Réinventer le système automobile

Force est de constater que le lien entre automobile et environnement ne se résume pas à la voiture électrique. Certes elle n'émet pas de gaz à effet de serre lorsqu’elle roule, mais beaucoup d'obstacles empêcheront sa production en masse. C'est toute l'industrie automobile qui doit se remettre en question, car le système bâti autour de la voiture au cours du 20e siècle ne peut plus être soutenu. Il y a, aujourd’hui, un souci environnemental, parce que la fin du pétrole s'annonce déjà, mais aussi parce que nos villes sont congestionnées par la circulation. Ce dernier aspect n'est pas à prendre à la légère avec la croissance rapide du nombre de voiture dans les pays émergents. Durant le dernier Congrès mondial du mobile à Barcelone, le patron de Ford lançait d'ailleurs dans un discours que la perspective d'un embouteillage planétaire pointerait d'ici peu son nez si nous ne faisons rien. Selon lui, la solution réside dans la voiture connectée. Les avancées technologiques en la matière donnent du reste, de bons espoirs.

Vers des voitures connectées

Partant du constat que le monde risque fort de se retrouver dans un bouchon sans fin, le patron de Ford explique qu’il en résulterait une consommation d'énergie accrue, davantage d’émissions de gaz à effet de serre, et beaucoup de temps perdu. Un temps qui risquerait de compromettre le bon fonctionnement de l'économie dans son ensemble. L'intérêt de la voiture connecté réside donc dans sa capacité à aider le conducteur en échangeant des informations avec d'autres véhicules ou des systèmes de contrôle, afin d'éviter des embouteillages par exemple, ou d'appeler les secours en cas d'accidents, ce qui réduirait les délais d'intervention et donc l’immobilisation des véhicules sur les lieux de l'accident. L'industrie des télécoms a donc un rôle important à jouer dans le développement du véhicule de demain. Cependant, la voiture connectée et autonome ne pourra voir le jour dans un avenir proche, et pour l'heure, l'amélioration des technologies existantes constitue une alternative prometteuse de transition vers la voiture de demain.

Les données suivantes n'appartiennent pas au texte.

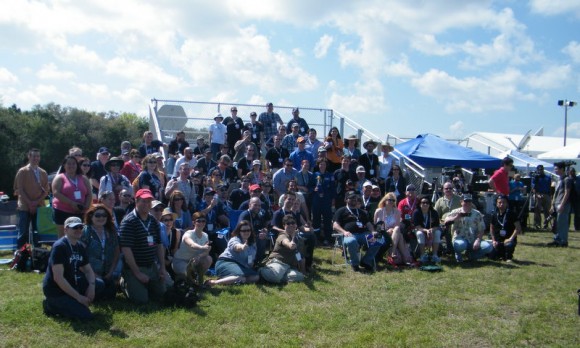 Members of the NASA Tweetup for STS-133 gather for a photo. They finally got to see their mission launch, after waiting nearly four months. Surprisingly, over 100 of the original 150 were able to return on Feb. 24 for the launch. Credit: Nancy Atkinson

Améliorer les technologies existantes

Des chercheurs de la Nanyang Technological University et du MIT travaillent actuellement à l'automatisation d'un véhicule à prix abordable. Le but de leurs travaux est d'améliorer la collecte d'information qui permet l'automatisation, car les nombreux capteurs nécessaires à la localisation entre autres coûtent cher. Le Directeur, Recherche et Développement de l'Intelligent Systems Centre de la Nanyang Technological University, explique que pour automatiser un véhicule sans en augmenter le prix de manière excessive, il faut que quelques capteurs seulement, puissent communiquer entre eux, mais avec une meilleure précision. Le but étant de les mettre en relation avec d'autres véhicules à travers un GPS traditionnel. Ainsi, la localisation des véhicules pourrait être plus précise, de l'ordre de trois à quatre mètres, et les véhicules sauraient par exemple, calculer de meilleurs itinéraires en fonction des embouteillages. La confrontation des informations entre les GPS et les capteurs des différents véhicules, mais aussi avec les informations du satellite auquel est relié chaque GPS, permettrait également de détecter des obstacles et d'anticiper des évènements ou encore de réduire les temps de trajets. Ainsi, la simple amélioration de la précision des GPS admettrait des réductions d’émission de gaz à effet de serre. Il n’en demeure pas moins que la voiture électrique reste la solution la moins polluante à l’exploitation, mais que toutes les pistes doivent être explorées pour en arriver à un nouveau système automobile. Un système dans lequel la voiture serait idéalement électrique, où les infrastructures faciliteraient les approvisionnements, et où les véhicules seraient autonomes.